The Khalsa is a group of people who are true to the Sikh teachings. They follow very strict rules and one of these is to wear the 5 K’s at all times.
The Kesh is the name for the hair that is never cut. Guru Gobind Sikh thinks that hair should be allowed to grow naturally and that men should not shave. During the time the Guru was around many men let their hair become tangled and dirty, which showed to others how Holy they were and how committed they were to their religion, as they were not thinking about their body. The Guru did not agree with this and although he says that hair should be allowed to grow naturally, it should be kept clean and should be combed at least twice a day.
The Kangha is a small wooden comb which keeps the hair fixed in place and is a symbol of cleanliness. Part of the Sikhism religion is to stay clean and tidy, as well as leading an organised life.
The Kirpan is a short sword that reminds Sikhs about their duty to fight against evil. It should never be used for attack, only defence and may be up to a metre long (although most Sikhs carry one which is about 10cm long). It is usually kept in a special wooden case which is fixed to a strap over the persons shoulder.

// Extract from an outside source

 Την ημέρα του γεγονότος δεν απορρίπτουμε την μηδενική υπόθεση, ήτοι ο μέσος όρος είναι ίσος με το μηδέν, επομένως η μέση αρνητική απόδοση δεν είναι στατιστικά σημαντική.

The Kara is a plain steel bangle which is worn on the right wrist as a symbol, not as a piece of jewellery. It is a complete circle, reminding Sikhs that there is only on God and one truth, without beginning or end. The steel reminds them of the strength they must have when fighting for
which is right.
The Kachera are short trousers, worn as underwear. They were introduced around the time of the Guru when most people in India wear loose, long clothes. The Guru said that the change in style was a symbol of people leaving behind old ideas and following better ones. The Kachera are also more practical, especially when worn in battle.The turban is not one of the 5 K’s, although most male Sikhs and some female Sikhs wear them.